- Problem description
Give again every line from the one with "mango descongelado prime" through the last line of the data, exactly, and leave out the lines before it.

(Recorded information begins)

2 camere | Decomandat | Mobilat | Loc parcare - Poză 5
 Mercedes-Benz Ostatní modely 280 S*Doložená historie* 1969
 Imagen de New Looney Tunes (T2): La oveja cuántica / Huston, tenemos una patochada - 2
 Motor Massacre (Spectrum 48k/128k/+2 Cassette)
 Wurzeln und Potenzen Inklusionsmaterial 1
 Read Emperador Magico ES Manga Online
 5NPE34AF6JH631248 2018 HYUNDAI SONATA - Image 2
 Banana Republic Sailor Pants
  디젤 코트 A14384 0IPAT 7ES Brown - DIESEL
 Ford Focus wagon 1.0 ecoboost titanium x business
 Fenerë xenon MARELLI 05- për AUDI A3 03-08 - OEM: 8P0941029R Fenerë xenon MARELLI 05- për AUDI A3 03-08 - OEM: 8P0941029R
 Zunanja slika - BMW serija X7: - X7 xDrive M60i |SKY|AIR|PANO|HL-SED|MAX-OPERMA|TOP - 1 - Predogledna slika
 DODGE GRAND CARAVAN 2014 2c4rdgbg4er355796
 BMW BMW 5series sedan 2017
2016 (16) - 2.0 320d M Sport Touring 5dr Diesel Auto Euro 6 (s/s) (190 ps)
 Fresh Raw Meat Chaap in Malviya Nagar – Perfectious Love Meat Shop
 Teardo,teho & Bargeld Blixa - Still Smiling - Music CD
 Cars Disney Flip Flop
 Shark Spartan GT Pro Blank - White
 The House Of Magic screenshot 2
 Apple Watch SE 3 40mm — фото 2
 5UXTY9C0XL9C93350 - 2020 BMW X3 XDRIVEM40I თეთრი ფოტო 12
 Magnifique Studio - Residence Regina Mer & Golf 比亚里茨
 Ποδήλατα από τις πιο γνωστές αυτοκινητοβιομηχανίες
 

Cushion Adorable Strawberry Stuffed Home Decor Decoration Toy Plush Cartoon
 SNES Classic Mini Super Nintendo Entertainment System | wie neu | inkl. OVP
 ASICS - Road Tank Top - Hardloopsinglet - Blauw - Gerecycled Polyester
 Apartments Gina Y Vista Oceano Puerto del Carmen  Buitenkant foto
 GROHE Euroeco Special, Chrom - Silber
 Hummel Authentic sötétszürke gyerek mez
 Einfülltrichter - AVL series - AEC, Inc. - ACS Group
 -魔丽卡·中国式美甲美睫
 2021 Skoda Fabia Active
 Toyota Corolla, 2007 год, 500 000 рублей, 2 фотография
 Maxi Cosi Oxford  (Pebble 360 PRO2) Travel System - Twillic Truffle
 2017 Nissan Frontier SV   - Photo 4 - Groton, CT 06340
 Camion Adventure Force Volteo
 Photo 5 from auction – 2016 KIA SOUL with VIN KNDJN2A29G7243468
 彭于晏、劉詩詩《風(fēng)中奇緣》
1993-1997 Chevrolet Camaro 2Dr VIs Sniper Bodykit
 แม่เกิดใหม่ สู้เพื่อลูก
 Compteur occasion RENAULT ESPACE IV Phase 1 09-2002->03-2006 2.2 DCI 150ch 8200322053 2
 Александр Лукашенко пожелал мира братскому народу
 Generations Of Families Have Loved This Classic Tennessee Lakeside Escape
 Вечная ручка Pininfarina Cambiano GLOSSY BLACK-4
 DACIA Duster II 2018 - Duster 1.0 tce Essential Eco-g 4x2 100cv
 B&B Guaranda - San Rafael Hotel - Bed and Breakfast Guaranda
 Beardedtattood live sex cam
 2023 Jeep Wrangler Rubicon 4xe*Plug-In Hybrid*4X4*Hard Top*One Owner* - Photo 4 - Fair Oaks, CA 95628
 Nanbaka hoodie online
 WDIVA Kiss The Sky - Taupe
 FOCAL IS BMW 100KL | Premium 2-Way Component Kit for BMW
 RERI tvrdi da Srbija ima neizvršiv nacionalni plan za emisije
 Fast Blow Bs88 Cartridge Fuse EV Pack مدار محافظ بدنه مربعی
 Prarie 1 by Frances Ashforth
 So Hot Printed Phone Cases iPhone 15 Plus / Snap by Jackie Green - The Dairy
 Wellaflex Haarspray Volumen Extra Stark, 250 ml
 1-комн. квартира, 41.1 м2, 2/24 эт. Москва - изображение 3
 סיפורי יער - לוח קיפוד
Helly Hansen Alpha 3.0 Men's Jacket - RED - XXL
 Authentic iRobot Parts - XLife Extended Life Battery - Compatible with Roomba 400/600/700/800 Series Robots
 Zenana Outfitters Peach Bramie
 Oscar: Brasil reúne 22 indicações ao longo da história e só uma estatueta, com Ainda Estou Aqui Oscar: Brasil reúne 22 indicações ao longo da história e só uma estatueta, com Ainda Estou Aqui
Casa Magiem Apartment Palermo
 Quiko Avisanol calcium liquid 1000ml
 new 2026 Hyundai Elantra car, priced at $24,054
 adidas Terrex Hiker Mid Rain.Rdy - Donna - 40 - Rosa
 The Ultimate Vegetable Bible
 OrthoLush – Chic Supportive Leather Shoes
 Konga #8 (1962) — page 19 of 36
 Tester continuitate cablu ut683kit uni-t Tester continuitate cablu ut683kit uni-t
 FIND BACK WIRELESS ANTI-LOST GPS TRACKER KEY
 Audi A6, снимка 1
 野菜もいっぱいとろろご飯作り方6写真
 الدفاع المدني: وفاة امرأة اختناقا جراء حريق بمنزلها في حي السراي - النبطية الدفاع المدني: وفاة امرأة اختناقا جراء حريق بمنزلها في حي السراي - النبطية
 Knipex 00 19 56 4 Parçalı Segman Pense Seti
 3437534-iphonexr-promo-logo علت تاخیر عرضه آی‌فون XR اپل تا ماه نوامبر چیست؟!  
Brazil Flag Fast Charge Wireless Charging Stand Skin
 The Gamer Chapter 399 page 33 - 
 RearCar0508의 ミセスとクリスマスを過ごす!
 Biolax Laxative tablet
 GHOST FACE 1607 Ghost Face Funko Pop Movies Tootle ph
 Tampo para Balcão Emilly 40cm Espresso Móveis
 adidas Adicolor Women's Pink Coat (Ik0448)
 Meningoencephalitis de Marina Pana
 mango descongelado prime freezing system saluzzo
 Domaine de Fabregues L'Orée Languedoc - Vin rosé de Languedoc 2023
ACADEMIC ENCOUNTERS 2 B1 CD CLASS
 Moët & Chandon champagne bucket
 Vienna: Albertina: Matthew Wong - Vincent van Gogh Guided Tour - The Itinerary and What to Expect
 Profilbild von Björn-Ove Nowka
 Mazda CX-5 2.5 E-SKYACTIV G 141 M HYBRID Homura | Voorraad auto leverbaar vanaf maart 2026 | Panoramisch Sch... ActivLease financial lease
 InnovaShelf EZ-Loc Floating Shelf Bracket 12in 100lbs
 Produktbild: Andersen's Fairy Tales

(Recorded information ends)

- Answer space
 mango descongelado prime freezing system saluzzo
 Domaine de Fabregues L'Orée Languedoc - Vin rosé de Languedoc 2023
ACADEMIC ENCOUNTERS 2 B1 CD CLASS
 Moët & Chandon champagne bucket
 Vienna: Albertina: Matthew Wong - Vincent van Gogh Guided Tour - The Itinerary and What to Expect
 Profilbild von Björn-Ove Nowka
 Mazda CX-5 2.5 E-SKYACTIV G 141 M HYBRID Homura | Voorraad auto leverbaar vanaf maart 2026 | Panoramisch Sch... ActivLease financial lease
 InnovaShelf EZ-Loc Floating Shelf Bracket 12in 100lbs
 Produktbild: Andersen's Fairy Tales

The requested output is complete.